Dataset records
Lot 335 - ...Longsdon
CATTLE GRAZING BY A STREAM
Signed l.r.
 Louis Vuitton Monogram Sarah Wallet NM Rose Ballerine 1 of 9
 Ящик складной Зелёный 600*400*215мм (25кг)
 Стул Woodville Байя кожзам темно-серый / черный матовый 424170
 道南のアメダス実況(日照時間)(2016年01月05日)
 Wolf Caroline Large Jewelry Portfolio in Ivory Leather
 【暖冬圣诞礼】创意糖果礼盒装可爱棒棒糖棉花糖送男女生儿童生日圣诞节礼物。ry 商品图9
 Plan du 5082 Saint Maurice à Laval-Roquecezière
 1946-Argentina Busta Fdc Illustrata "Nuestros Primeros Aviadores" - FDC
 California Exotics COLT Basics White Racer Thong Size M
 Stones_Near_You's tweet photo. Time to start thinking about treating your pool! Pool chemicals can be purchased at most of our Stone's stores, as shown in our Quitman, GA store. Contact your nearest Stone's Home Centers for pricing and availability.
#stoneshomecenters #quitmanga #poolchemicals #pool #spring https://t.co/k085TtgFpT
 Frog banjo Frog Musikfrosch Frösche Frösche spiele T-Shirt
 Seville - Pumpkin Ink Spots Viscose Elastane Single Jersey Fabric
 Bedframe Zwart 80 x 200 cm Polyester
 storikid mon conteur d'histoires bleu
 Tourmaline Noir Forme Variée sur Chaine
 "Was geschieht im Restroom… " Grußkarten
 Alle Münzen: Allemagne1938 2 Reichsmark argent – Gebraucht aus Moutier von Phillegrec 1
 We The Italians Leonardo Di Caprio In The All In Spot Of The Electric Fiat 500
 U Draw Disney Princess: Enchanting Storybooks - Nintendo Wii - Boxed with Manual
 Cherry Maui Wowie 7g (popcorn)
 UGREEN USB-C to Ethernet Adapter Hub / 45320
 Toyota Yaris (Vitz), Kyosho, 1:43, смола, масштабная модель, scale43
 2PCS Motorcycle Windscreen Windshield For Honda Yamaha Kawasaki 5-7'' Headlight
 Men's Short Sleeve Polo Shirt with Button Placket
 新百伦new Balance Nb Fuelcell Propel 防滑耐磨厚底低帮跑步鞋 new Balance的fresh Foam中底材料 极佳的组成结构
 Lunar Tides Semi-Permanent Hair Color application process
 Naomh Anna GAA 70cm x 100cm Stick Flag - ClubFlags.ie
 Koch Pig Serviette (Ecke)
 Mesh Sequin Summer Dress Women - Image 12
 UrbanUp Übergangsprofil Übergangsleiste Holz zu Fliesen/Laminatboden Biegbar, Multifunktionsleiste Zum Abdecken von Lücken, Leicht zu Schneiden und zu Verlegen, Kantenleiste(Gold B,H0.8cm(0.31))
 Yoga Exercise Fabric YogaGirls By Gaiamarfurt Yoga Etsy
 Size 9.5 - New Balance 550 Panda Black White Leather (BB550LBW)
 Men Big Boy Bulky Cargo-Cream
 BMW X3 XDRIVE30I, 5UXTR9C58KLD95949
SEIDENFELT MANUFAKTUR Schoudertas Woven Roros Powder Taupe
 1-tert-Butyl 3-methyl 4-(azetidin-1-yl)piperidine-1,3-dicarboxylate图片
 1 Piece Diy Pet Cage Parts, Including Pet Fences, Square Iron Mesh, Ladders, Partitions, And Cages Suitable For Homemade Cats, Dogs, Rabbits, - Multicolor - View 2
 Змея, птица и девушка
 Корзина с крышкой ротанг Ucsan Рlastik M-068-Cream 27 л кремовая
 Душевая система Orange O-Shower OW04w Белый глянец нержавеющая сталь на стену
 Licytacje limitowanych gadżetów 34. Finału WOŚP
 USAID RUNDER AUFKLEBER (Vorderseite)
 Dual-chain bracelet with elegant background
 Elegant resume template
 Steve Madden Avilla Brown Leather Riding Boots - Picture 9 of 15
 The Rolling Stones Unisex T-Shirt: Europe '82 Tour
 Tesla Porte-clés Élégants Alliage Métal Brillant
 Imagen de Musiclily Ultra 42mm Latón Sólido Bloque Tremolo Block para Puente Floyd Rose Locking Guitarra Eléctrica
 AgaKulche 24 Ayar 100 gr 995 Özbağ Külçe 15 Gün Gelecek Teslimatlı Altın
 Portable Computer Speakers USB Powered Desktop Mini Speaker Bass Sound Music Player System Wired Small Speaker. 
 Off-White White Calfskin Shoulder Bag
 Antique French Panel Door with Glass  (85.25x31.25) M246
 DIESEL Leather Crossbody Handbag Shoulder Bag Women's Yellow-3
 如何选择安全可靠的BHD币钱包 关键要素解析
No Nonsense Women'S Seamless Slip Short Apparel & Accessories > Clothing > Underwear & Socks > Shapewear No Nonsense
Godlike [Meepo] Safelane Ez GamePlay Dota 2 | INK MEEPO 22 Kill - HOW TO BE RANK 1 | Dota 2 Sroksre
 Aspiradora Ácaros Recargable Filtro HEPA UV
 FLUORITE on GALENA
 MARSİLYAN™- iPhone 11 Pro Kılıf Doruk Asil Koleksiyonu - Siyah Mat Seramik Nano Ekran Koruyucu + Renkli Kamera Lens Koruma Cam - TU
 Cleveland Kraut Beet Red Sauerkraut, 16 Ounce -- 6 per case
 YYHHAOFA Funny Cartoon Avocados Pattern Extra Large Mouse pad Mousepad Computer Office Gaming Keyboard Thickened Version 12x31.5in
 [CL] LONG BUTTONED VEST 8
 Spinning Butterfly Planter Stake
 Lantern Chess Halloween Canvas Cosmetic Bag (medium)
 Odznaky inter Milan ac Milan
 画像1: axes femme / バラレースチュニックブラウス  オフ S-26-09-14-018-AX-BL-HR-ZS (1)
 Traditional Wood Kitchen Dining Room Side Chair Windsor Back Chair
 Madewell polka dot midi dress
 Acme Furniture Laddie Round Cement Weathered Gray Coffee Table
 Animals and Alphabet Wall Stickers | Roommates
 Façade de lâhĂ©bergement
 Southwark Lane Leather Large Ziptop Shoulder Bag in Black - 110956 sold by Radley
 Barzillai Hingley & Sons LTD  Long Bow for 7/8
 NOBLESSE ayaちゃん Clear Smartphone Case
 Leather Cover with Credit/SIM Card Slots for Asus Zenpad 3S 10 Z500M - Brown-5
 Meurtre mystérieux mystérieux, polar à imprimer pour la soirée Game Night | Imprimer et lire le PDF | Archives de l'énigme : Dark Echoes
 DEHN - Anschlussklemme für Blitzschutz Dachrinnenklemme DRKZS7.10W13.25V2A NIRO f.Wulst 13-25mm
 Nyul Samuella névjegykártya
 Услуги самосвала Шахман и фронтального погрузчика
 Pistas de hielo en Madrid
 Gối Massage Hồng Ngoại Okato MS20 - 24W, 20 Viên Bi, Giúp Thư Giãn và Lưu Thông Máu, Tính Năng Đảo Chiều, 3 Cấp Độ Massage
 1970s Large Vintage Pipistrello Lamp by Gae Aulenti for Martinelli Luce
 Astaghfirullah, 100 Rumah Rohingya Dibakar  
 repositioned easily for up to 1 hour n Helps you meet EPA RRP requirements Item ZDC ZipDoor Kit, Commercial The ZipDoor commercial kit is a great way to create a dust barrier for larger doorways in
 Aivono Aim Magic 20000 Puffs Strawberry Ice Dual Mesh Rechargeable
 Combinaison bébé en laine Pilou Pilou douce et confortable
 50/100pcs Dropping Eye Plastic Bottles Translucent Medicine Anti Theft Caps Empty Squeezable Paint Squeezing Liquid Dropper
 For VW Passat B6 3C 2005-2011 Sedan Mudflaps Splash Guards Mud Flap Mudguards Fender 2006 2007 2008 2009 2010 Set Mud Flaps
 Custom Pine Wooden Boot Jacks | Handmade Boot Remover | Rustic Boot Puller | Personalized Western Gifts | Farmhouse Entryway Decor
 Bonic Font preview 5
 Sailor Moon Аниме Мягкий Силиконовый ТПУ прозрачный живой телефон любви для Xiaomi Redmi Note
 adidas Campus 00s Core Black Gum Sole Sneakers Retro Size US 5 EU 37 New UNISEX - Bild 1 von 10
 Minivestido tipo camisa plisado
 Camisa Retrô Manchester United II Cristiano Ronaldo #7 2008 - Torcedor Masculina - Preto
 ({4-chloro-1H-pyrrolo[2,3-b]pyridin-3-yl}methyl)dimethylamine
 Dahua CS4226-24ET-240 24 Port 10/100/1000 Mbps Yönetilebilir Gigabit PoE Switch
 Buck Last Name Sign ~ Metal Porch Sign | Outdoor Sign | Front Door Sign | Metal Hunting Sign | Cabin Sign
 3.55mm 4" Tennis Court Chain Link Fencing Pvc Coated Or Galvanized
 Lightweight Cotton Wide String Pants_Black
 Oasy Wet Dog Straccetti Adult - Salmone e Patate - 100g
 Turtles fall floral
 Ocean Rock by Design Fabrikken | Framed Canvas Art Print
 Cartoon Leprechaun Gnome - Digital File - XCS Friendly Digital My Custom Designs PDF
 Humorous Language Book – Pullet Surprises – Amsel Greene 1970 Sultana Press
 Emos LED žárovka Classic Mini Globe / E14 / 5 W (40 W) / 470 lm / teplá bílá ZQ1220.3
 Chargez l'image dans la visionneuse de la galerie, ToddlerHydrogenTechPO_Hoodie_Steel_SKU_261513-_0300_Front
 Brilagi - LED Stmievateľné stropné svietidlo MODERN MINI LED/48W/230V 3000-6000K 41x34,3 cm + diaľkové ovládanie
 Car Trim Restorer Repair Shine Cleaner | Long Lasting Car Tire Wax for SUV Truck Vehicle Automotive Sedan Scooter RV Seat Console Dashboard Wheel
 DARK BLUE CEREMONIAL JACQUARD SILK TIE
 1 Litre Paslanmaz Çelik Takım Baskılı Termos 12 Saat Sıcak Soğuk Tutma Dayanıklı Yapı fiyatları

TASK STATEMENT: List all lines above in which the string "White" appears.

FINISHED EXERCISE:
 California Exotics COLT Basics White Racer Thong Size M
 Size 9.5 - New Balance 550 Panda Black White Leather (BB550LBW)
 Off-White White Calfskin Shoulder Bag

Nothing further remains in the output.